--- DATA SHOWN Enclosed Below ---
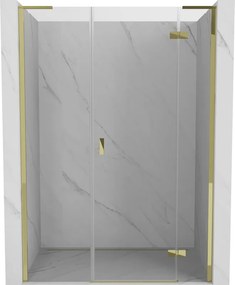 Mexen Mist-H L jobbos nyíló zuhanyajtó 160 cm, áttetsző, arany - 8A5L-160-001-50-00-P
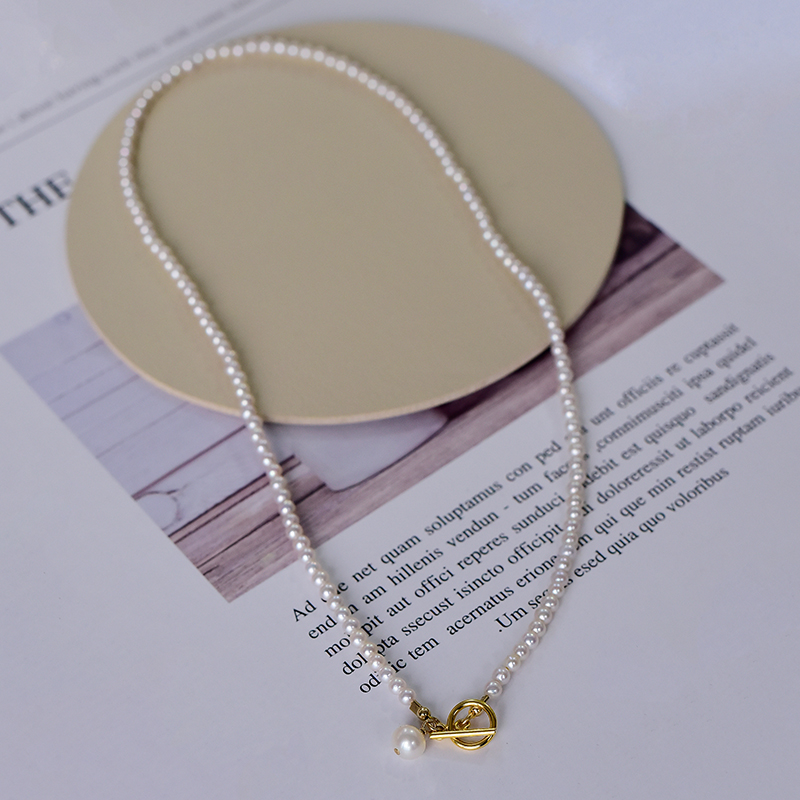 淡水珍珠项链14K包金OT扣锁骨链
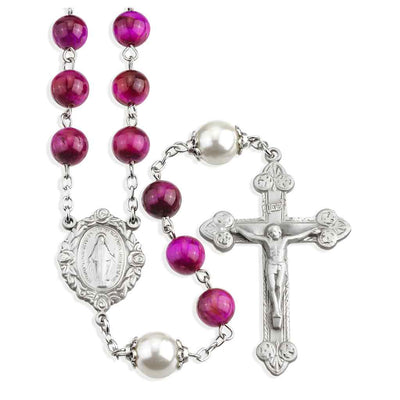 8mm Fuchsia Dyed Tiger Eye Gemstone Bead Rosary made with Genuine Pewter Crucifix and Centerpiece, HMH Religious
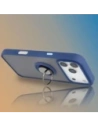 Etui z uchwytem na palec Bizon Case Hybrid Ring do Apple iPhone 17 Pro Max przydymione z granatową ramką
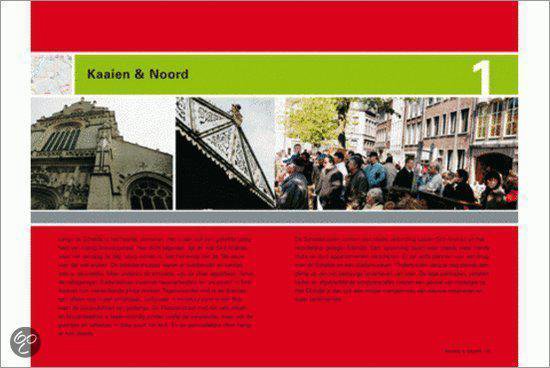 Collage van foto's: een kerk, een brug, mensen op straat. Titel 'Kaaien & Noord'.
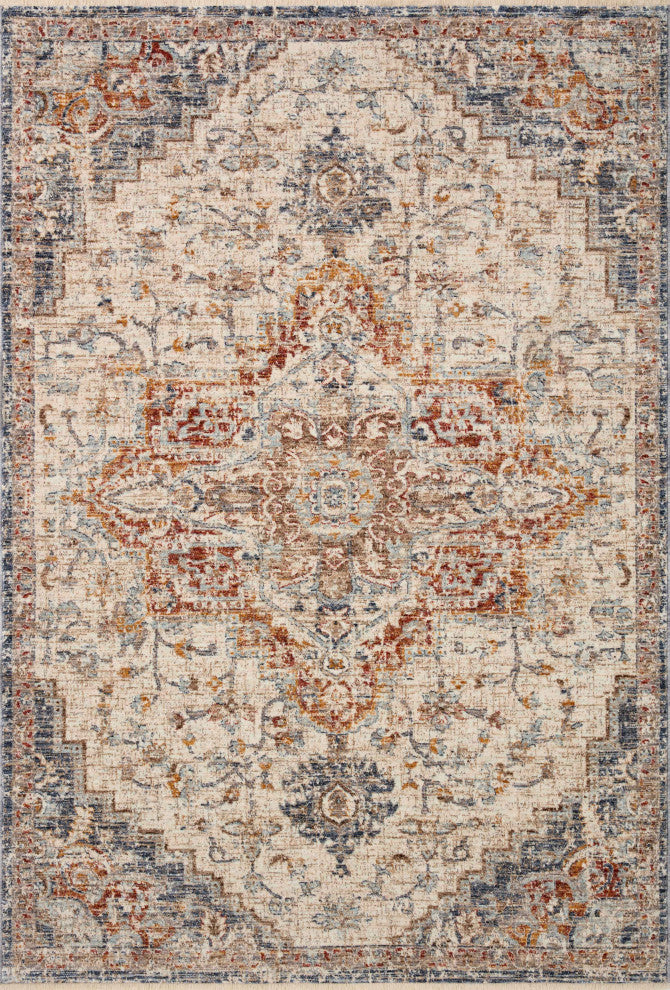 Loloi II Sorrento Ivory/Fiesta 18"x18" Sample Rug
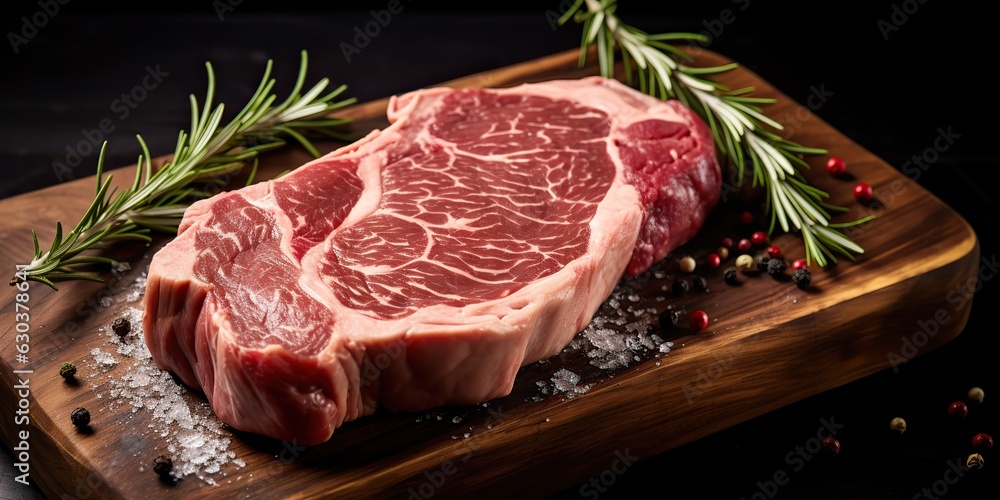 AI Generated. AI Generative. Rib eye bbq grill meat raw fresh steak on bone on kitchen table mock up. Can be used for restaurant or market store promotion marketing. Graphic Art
--- End of Enclosed DATA SHOWN ---
--- DATA SHOWN Enclosed Below ---
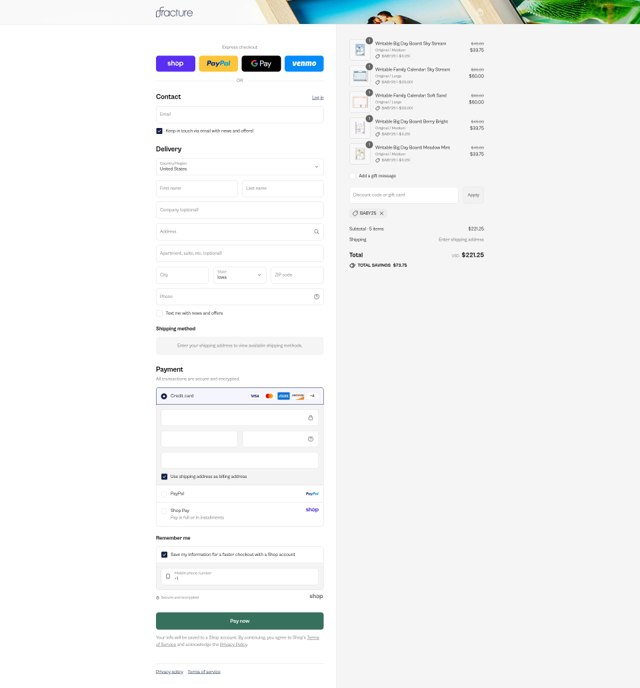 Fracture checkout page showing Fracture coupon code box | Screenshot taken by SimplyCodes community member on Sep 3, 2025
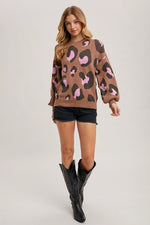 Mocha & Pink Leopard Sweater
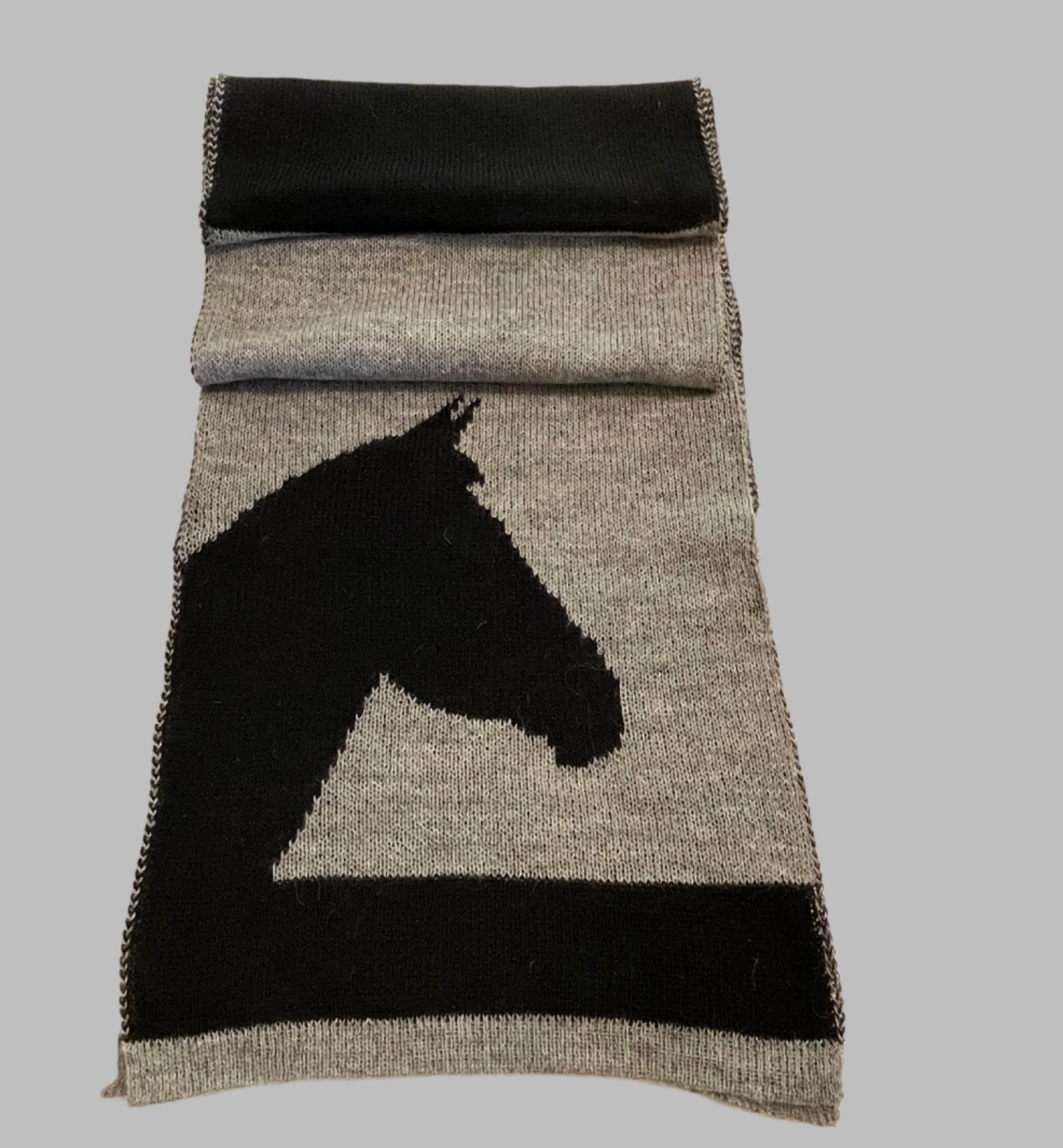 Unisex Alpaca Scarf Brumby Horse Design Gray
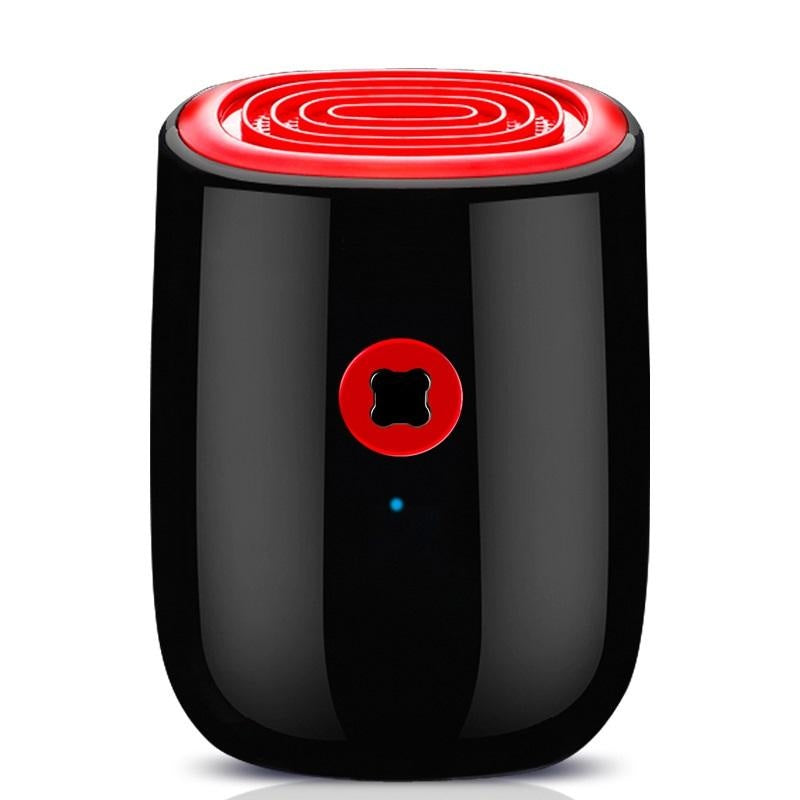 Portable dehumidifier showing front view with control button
--- End of Enclosed DATA SHOWN ---
--- DATA SHOWN Enclosed Below ---
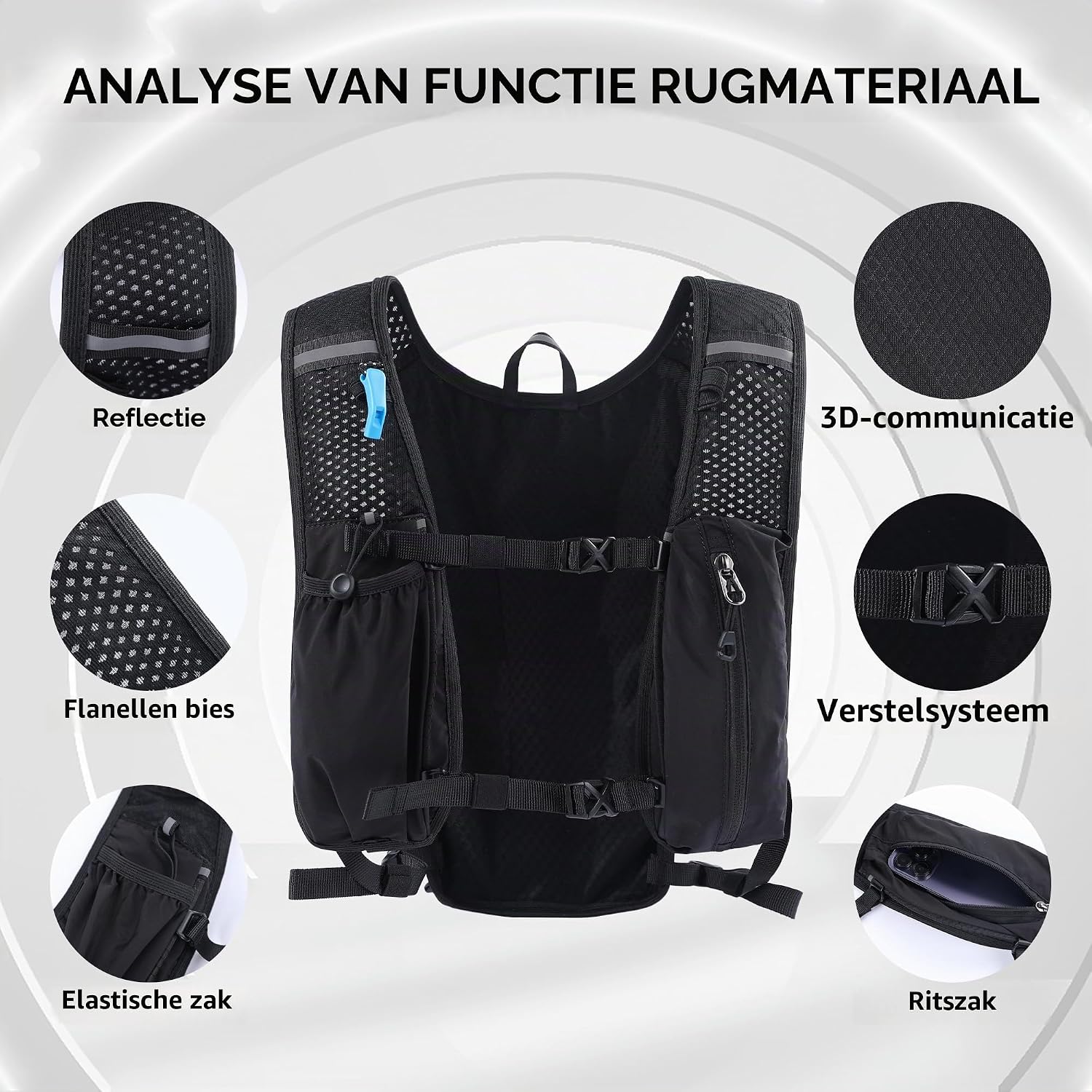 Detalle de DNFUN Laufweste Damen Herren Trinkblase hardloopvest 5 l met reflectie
--- End of Enclosed DATA SHOWN ---
### WHAT TO WORK ON
Given the listing above, repeat exactly the lines starting at the one with "Etui z uchwytem" and ending at the one with "AI Generated. AI", inclusive, excluding pictures.

### RESULT OF THIS EXERCISE
 Etui z uchwytem na palec Bizon Case Hybrid Ring do Apple iPhone 17 Pro Max przydymione z granatową ramką
 Collage van foto's: een kerk, een brug, mensen op straat. Titel 'Kaaien & Noord'.
 Loloi II Sorrento Ivory/Fiesta 18"x18" Sample Rug
 AI Generated. AI Generative. Rib eye bbq grill meat raw fresh steak on bone on kitchen table mock up. Can be used for restaurant or market store promotion marketing. Graphic Art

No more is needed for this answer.